About this task :: Please copy out the entries below exactly, beginning with the line that contains "Isabela Creats Flowers for Fa" and ending with the line that contains "DS.D3663LUA.A81.2.PA V56 V59", and include nothing outside that span.

---------- Extracted entries ----------

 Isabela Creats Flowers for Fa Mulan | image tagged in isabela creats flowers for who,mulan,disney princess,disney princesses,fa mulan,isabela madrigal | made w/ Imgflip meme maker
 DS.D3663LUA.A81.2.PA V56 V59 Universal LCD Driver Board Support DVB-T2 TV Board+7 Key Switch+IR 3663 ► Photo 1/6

----------
---------- Extracted entries ----------

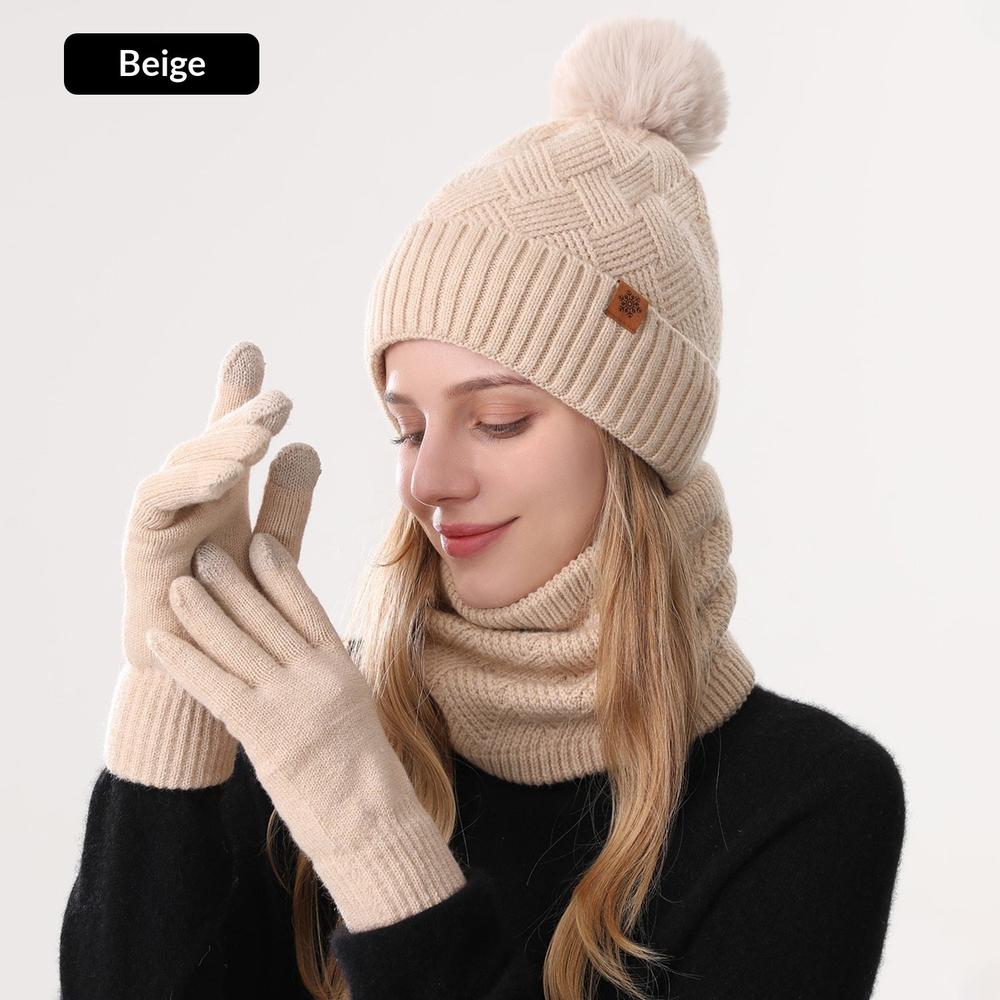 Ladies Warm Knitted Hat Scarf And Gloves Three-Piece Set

----------

Exercise response ::
 Isabela Creats Flowers for Fa Mulan | image tagged in isabela creats flowers for who,mulan,disney princess,disney princesses,fa mulan,isabela madrigal | made w/ Imgflip meme maker
 DS.D3663LUA.A81.2.PA V56 V59 Universal LCD Driver Board Support DVB-T2 TV Board+7 Key Switch+IR 3663 ► Photo 1/6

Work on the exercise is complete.